## AVAILABLE DATA
◇ ◇ ◇ ◇ ◇
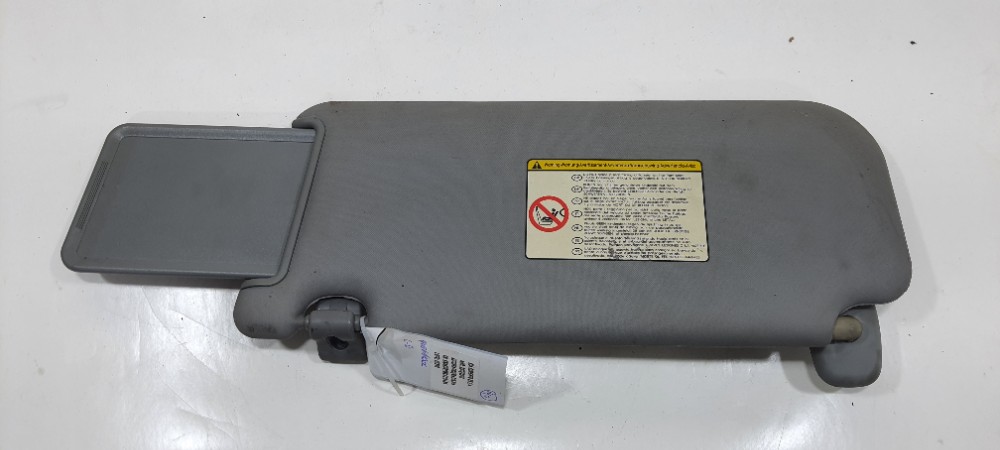 Quebrasol Lado Direito Kia Sorento Ex 2.4 2012 98751lmn 3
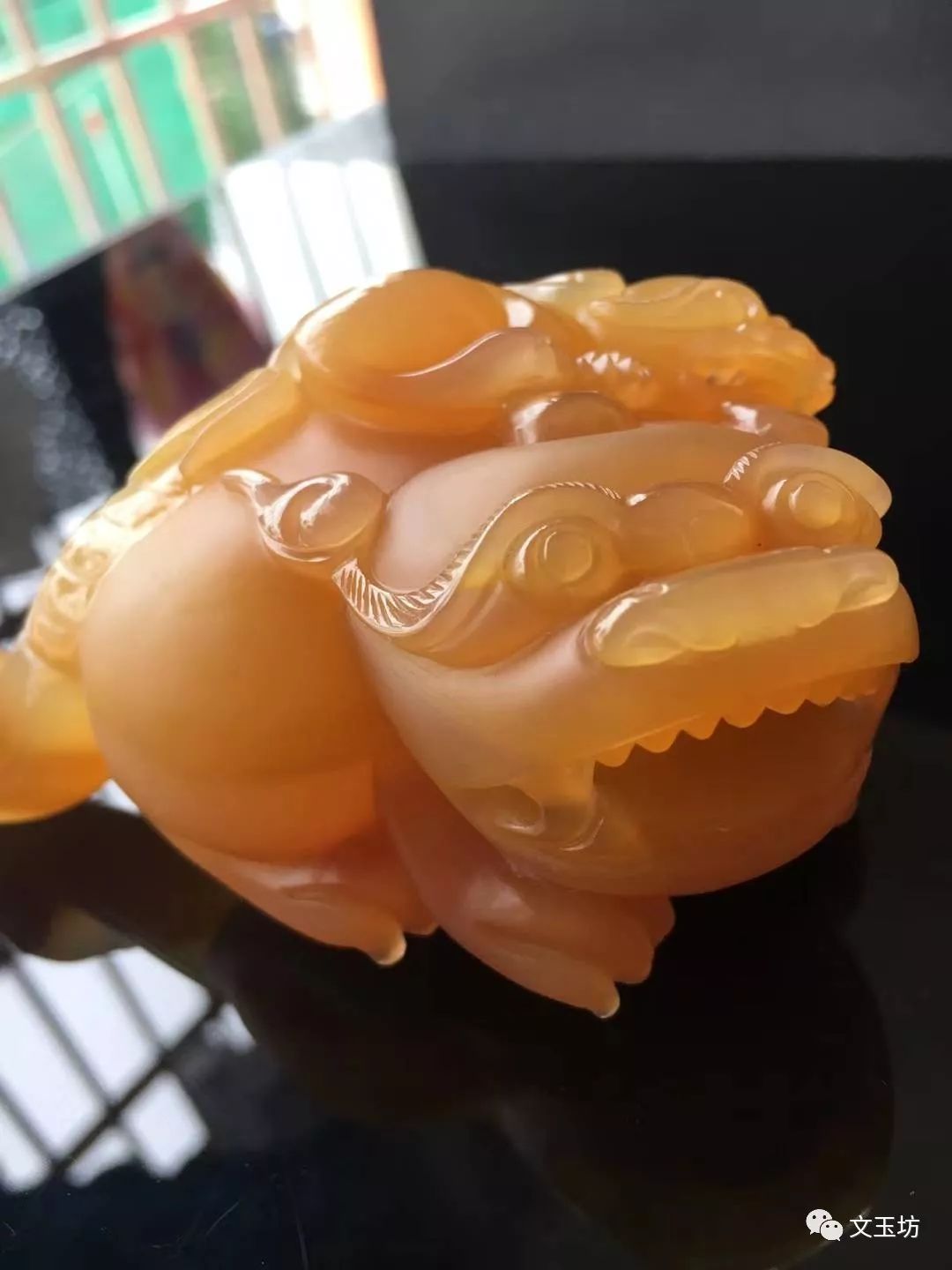 黄龙玉产地及价值,黄龙玉两大奇迹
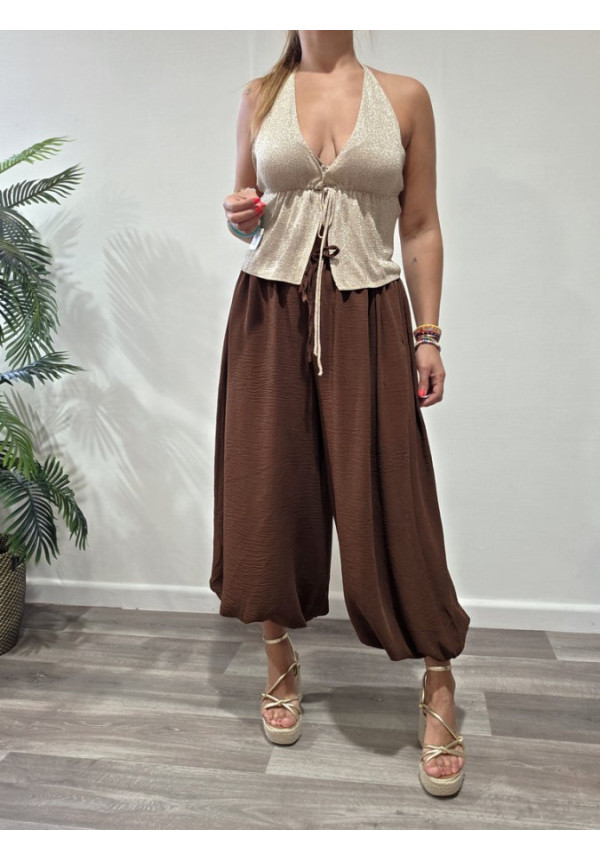 Pantalón Bombacho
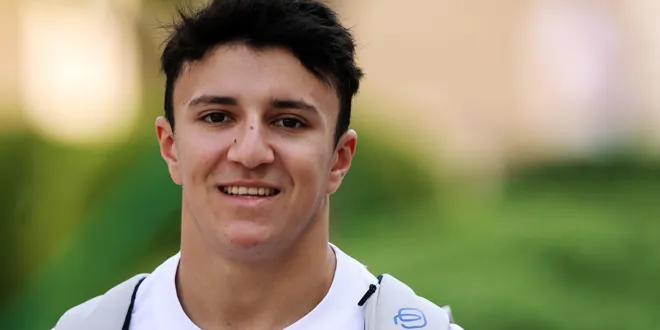 Foto zur News: Tsunoda raus, Hadjar rein!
◇ ◇ ◇ ◇ ◇
## YOUR TASK
From the listing, extract all text exactly as given and drop any picture.

## RESPONSE TO THIS EXERCISE
 Quebrasol Lado Direito Kia Sorento Ex 2.4 2012 98751lmn 3
 黄龙玉产地及价值,黄龙玉两大奇迹
 Pantalón Bombacho
 Foto zur News: Tsunoda raus, Hadjar rein!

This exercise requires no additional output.